Segment Start: Source data
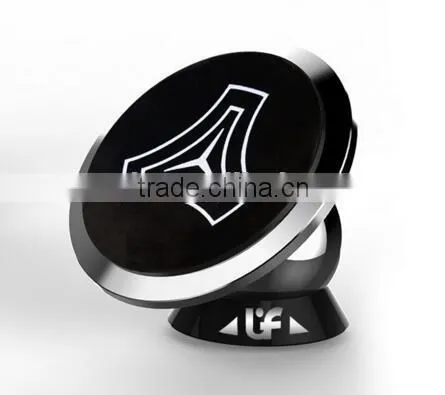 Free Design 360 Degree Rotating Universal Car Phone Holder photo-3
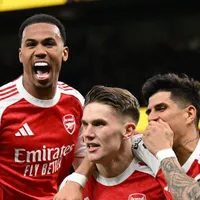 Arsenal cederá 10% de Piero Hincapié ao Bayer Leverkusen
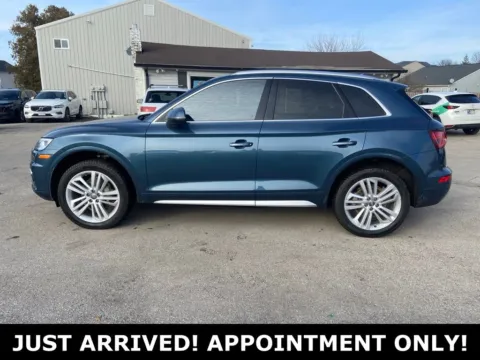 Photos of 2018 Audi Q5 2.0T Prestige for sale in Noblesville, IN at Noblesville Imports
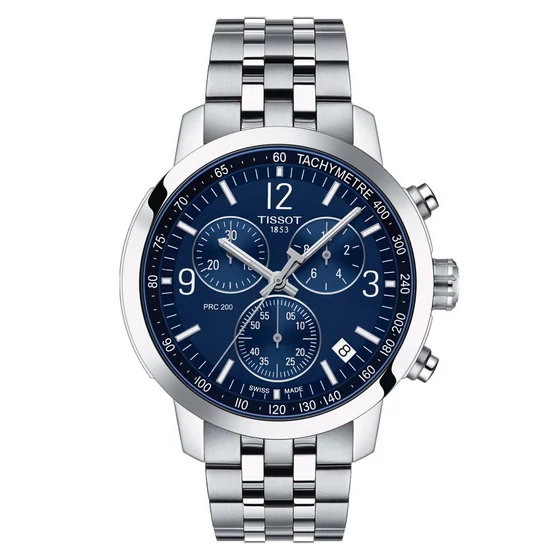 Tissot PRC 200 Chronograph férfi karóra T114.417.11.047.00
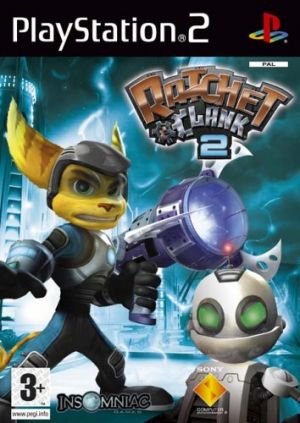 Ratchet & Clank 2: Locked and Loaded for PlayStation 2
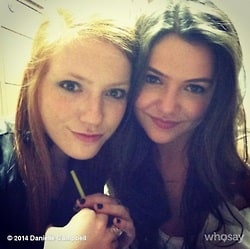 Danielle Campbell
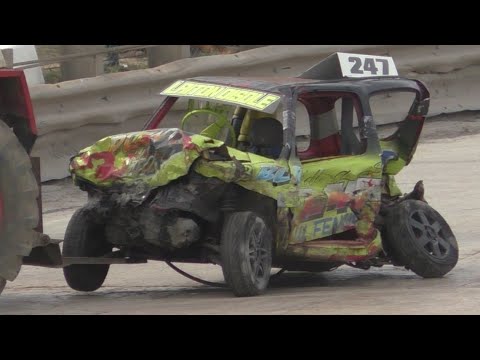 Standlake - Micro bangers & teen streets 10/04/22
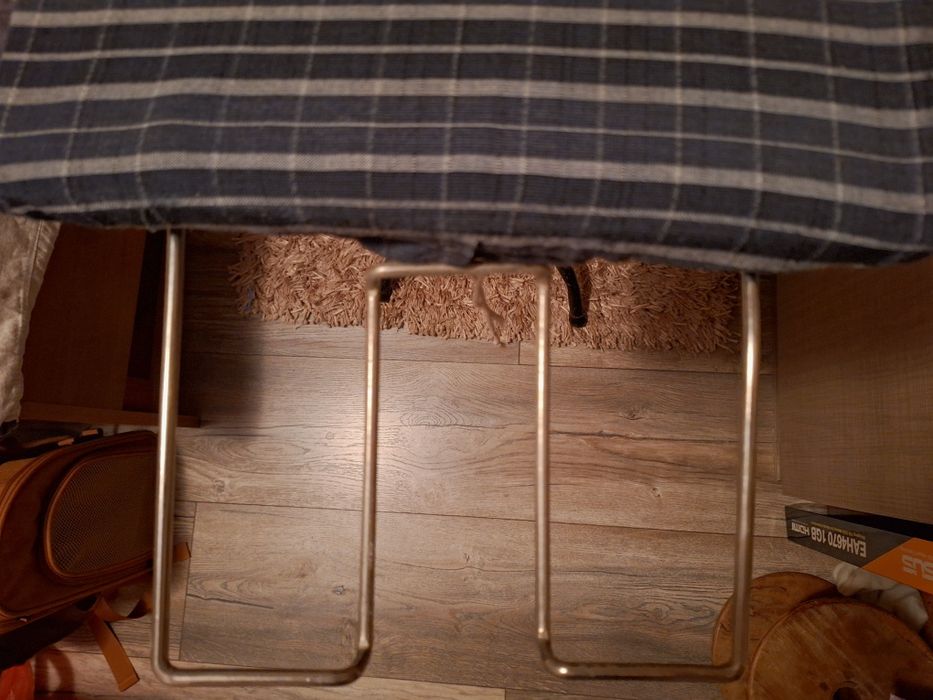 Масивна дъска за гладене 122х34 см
Segment End: Source data
Segment Start: Source data
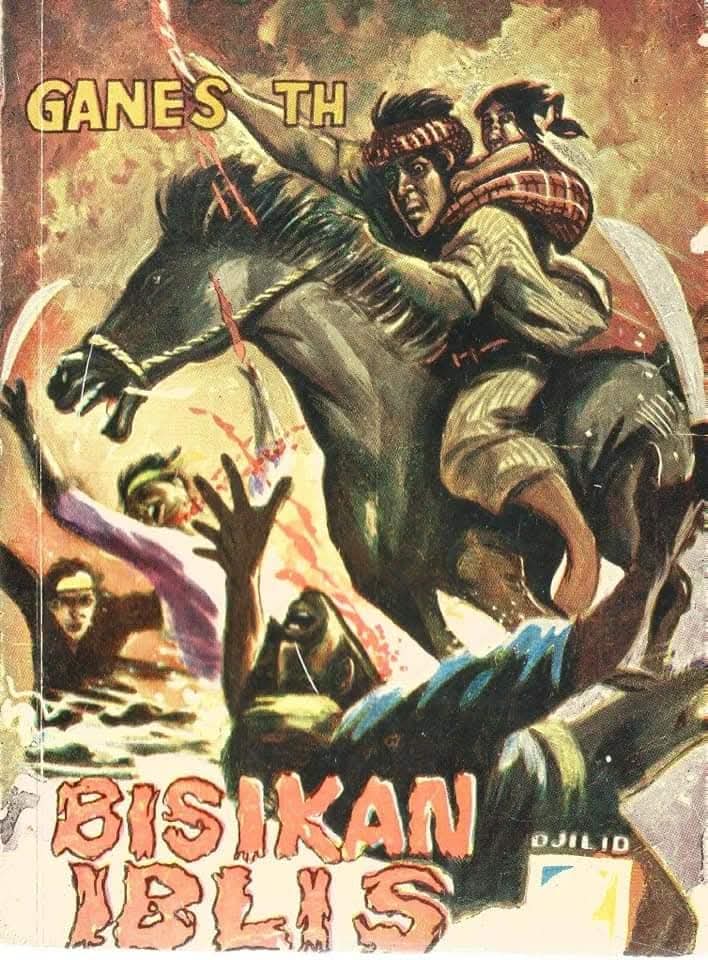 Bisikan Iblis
Segment End: Source data
# What to work on:
The output is the stretch above from the line with "Ratchet & Clank" through the line with "Масивна дъска за гладене 122х34 см", copied word for word with both ends kept and every picture dropped.

# Result:
 Ratchet & Clank 2: Locked and Loaded for PlayStation 2
 Danielle Campbell
 Standlake - Micro bangers & teen streets 10/04/22
 Масивна дъска за гладене 122х34 см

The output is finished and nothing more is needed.